Block proclaimed, like Captain Queeg and the quart of strawberries, he’d solved the mystery: “You have all of these allegations coming out, you know, eight, nine days ago from Politico. You start connecting the dots and trying to figure out whether it’s coming from opponents on the left or opponents on the right. I mean, just at the press conference it was brought up that . . . Karen Kraushaar came out as one of the women. So we’ve come to find out her son works at Politico, the organization that originally put the story out.” One problem: That’s false.
The reporter, Josh Kraushaar, works for National Journal and is no relation to the Cain accuser. ( I knew the former and confirmed the latter in a brief e-mail exchange Tuesday afternoon, something that the Cain-Block duo never bothered to do.) But facts never got in the way of Block or his client.
This is flat-out bizarre. Not only does their specific allegation not hold up, but the notion that this is all a Politico plot — at this stage in the game — strikes one as nutty or hopelessly cynical.
Either Cain and Block are crackers (truly believing that witnesses have been cooked up, even though settlements with two of the women we know about date back more than a decade ), or they think the public will buy utter nonsense. With each accusation, the alternative — that Cain is lying — seems more and more plausible.
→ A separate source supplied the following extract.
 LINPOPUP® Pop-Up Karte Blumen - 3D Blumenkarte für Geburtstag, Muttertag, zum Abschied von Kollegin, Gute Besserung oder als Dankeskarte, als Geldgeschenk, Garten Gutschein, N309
We’re now really into high farce. Block, currently under investigation for violation of campaign finance laws, tosses wild accusations hither and yon, never concerned with his or Cain’s credibility. Cain and Block — and they certainly are joined at the hip — are not innovative campaigners or new age marketers. They sure aren’t policy wonks. They aren’t disciplined executives or problem solvers. They are cavalier with the truth, indifferent to the harm they may inflict and in very far over their heads.
Last night we learned from Politico: “Steven Portnoy of ABC News tweets that the attorney for Karen Kraushaar, the second woman to come forward about sexual harassment allegations against Herman Cain, is moving ahead with a joint press conference with other accusers. According to his tweet, Sharon Bialek, who joined her lawyer Gloria Allred at a Friar’s Club press conference in Manhattan yesterday, is joining the press conference.”
“The Cain victims” press conference. I wonder how many chairs they will need. Provided they seem as credible as they have so far, I suspect Cain’s days on the trail are numbered.
In fact, mature voices are already weighing in. Concerned Women for America’s Penny Nance e-mails me: “Herman Cain emphatically denied even knowing Sharon Bialek but I seriously doubt this story is over. If knows that all these women are lying, then he should sue for slander and discovery will substantiate his case.” Translation: Does he think we are morons?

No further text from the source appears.